Tuesday, May 3, 2011
i'm having a really hard time not being able to plan after this month.
do you ever just say out loud "why can't we just get what we want?!"
yeah i said that.
and the minute i said it i felt guilty. so dang guilty.
i was so focused on one thing...not knowing where we're going to be after may 31st. not knowing is harder for me than doing and going through something hard. is it like that for anyone else?
for example when jake was getting ready to deploy, the not knowing how it was going to be without him was harder than actually doing a year long span of time without him. well, not really, but i feel like i was more anxious over not knowing what it was going to be like and i worked myself up into a tissy before he left. while he was gone we struggled (with my oldest son mainly) but we did it.
yeah, the unknown is harder for me.
and the minute i said it, the next thought was "but you've been given so much."
then i listed all the things that i get on a daily basis that i take for granted. like(just a few but not all!):
-we're healthy and we've never been hungry.
-we have enough to suffice our needs.
-we've planned for unexpected emergencies and are reaping in those blessings.

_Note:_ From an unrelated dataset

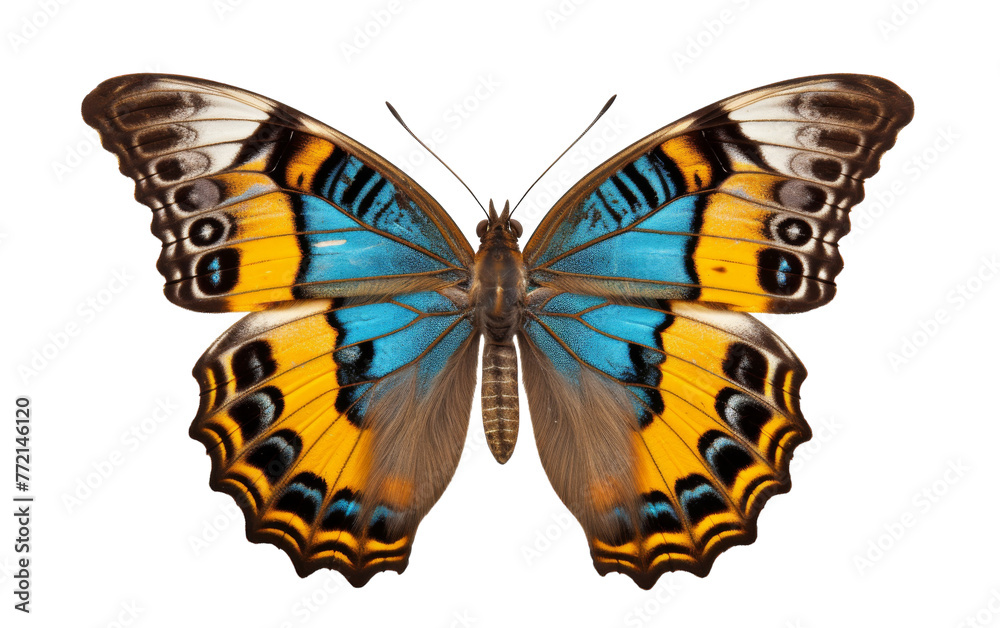 Fototapeta premium A vibrant blue and yellow butterfly gracefully flutters on a serene white background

-my oldest child is doing so well compared to what we were going through a few months ago and leaps and bounds to what he was going through 3 years ago.
-my three other children are happy and doing well
-we are happy.
-we have each other.
-my spouse walks with me
-my spouse makes me laugh
-my spouse loves me and comforts me and makes fun of me so i can make fun of myself and then i can laugh about it.
-we have a second home we can stay in (and half the mortgage payment!) than this house which is in the works of being sold. (yet another blessing)
-thankfully we just moved into this house 6 months ago and i dejunk on a regular basis so packing is going really fast and easy.
-we have options...we just are waiting to see what, where, and with who is the best option.
so yeah. i need to just let go. i need to let go of my personality flaw of needing to know, needing to schedule, needing to plan.
so if you don't mind i'm going to rock myself into a little corner and keep telling myself over and over and over again "i don't need to plan." till i actually start believing it.